→ **What is being asked**
Take the lines of the data below from the very first through the line containing "Ymyny Tragbarer Mini-usb-ventilator" and output them exactly, pictures excluded.

Top of Recorded data

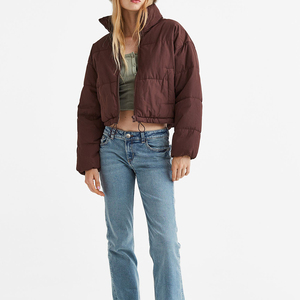 New women Quilted Puffer <b>Jacket</b> Causal Fashion Design Solid Color Drop Shoulder Zipper Closure <b>Short</b> Length Women Puffer <b>Jacket</b> - Product Image 3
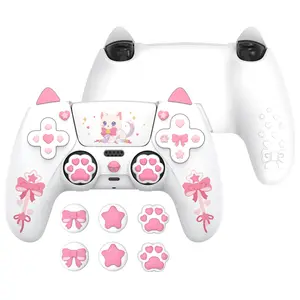 PlayVital Sweetheart Kitty Silicone Cover w/Joystick Caps and Sticker for ps5 Controller, for ps5 Charging Dock - White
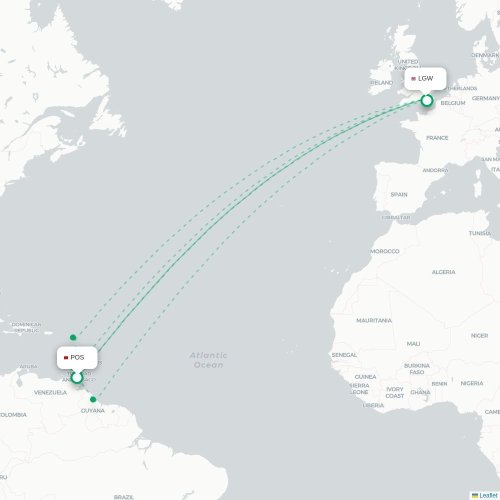 Mapa lotu bezpośredniego Port-of-Spain – Londyn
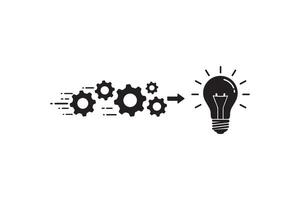 Thinking and Innovation Silhouette of Gears and Idea Bulb vector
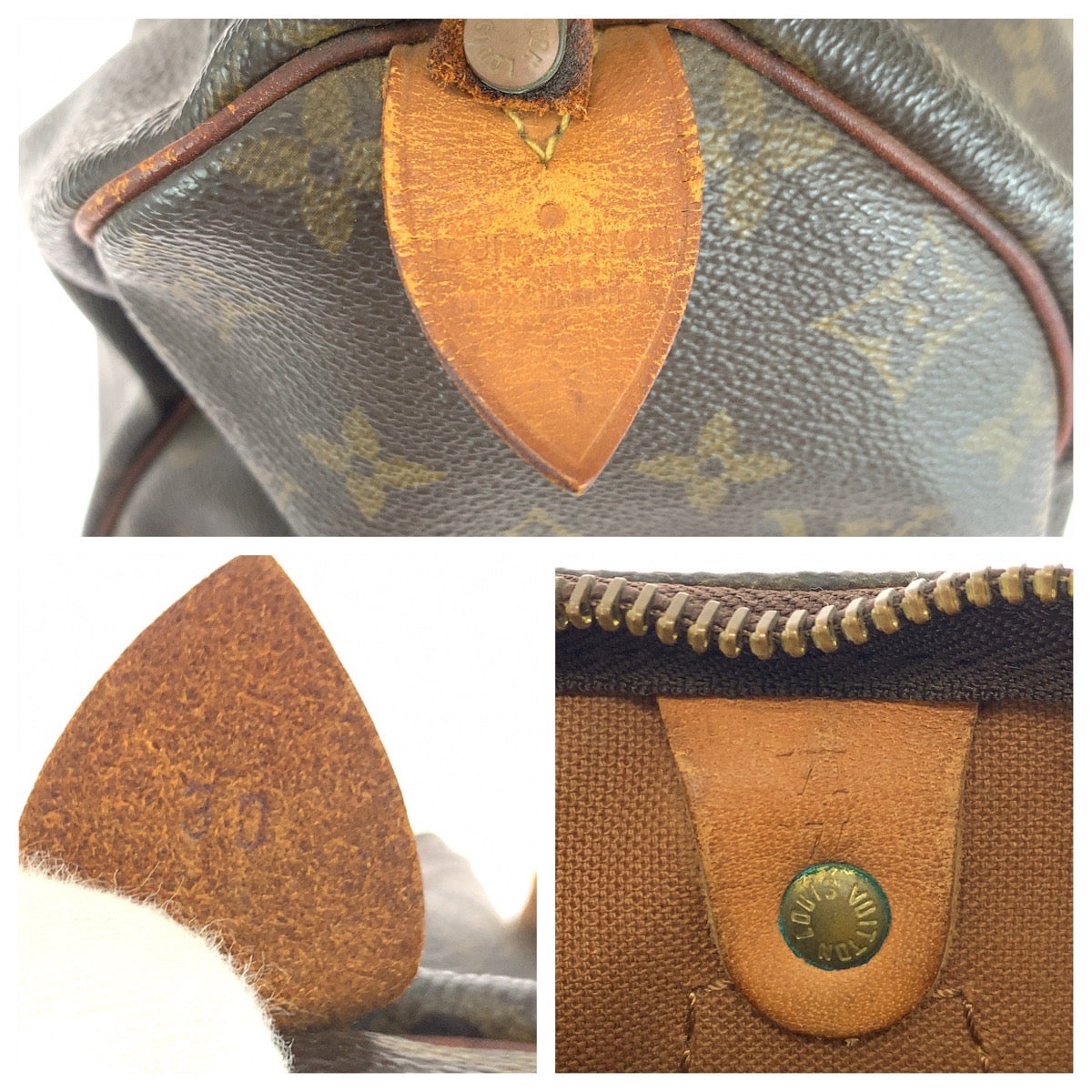 16581
LOUIS VUITTON ルイヴィトン モノグラム スピーディ30 ブラウン ゴールド金具 PVC ハンドバッグ ミニボストンバッグ  レディース AB41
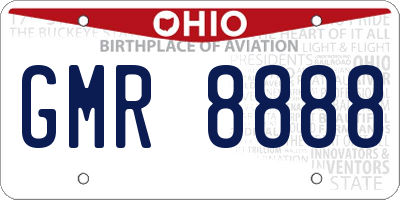 OH license plate GMR8888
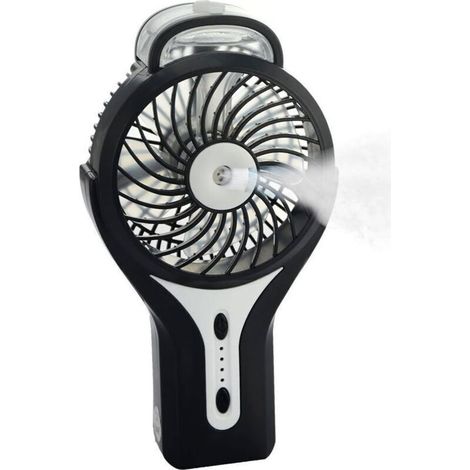 Ymyny Tragbarer Mini-usb-ventilator Mit Persönlicher Nebelfunktion – Wiederaufladbarer Akku – Tragbarer Ventilator Für Zuhause, Büro Und Reisen – Schwarz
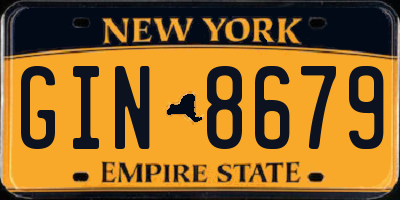 NY license plate GIN8679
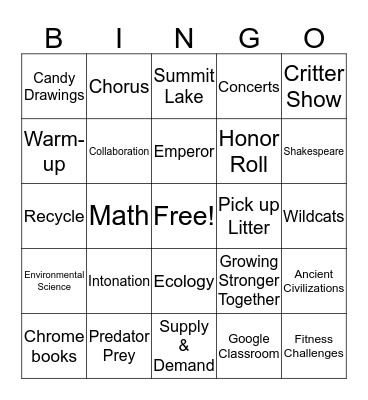 6th Grade 2018-19 Bingo Card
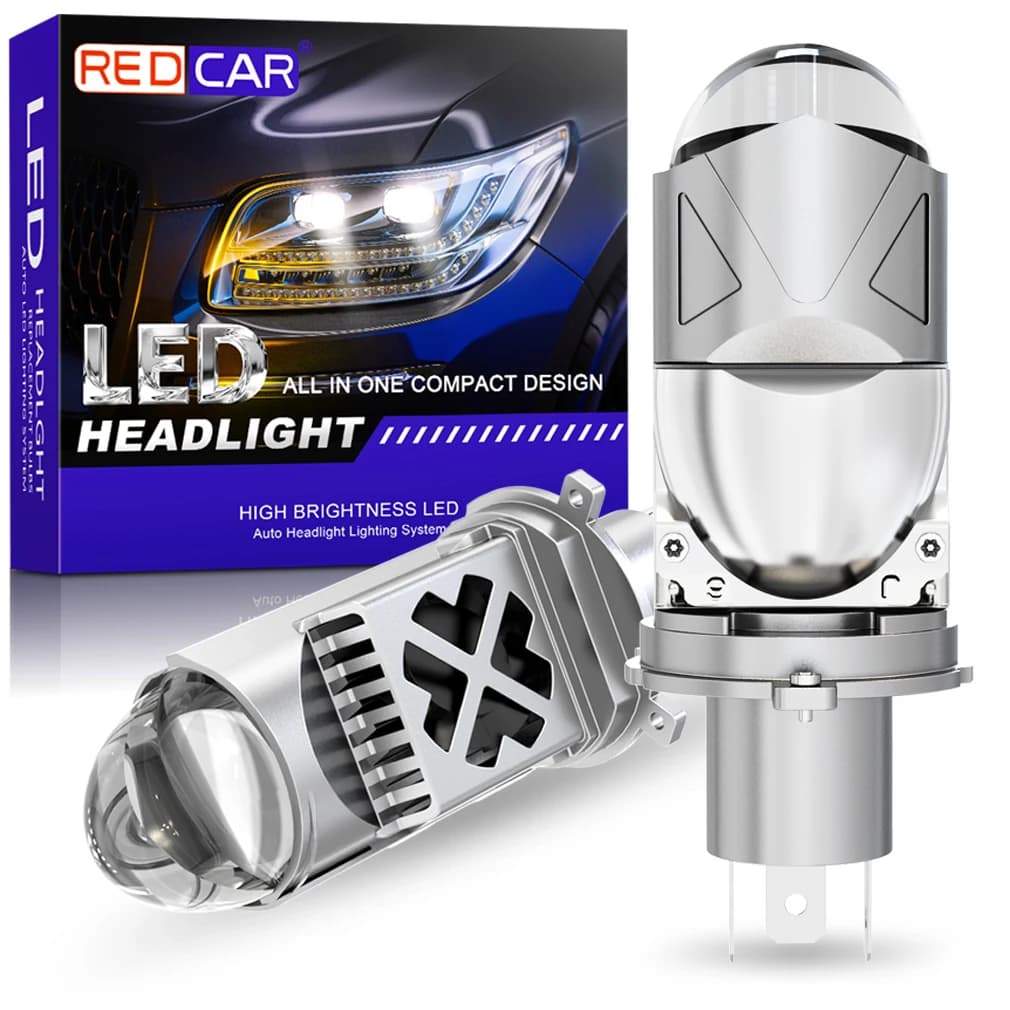 Doppia lente H4 Faro a LED Mini lente per proiettore LED H4 Lampada automatica Faro per automobile Fascio di luce alto/basso 140W 30000LM Plug & Play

Bottom of Recorded data

→ **Response for this exercise**
 New women Quilted Puffer <b>Jacket</b> Causal Fashion Design Solid Color Drop Shoulder Zipper Closure <b>Short</b> Length Women Puffer <b>Jacket</b> - Product Image 3
 PlayVital Sweetheart Kitty Silicone Cover w/Joystick Caps and Sticker for ps5 Controller, for ps5 Charging Dock - White
 Mapa lotu bezpośredniego Port-of-Spain – Londyn
 Thinking and Innovation Silhouette of Gears and Idea Bulb vector
 16581
LOUIS VUITTON ルイヴィトン モノグラム スピーディ30 ブラウン ゴールド金具 PVC ハンドバッグ ミニボストンバッグ  レディース AB41
 OH license plate GMR8888
 Ymyny Tragbarer Mini-usb-ventilator Mit Persönlicher Nebelfunktion – Wiederaufladbarer Akku – Tragbarer Ventilator Für Zuhause, Büro Und Reisen – Schwarz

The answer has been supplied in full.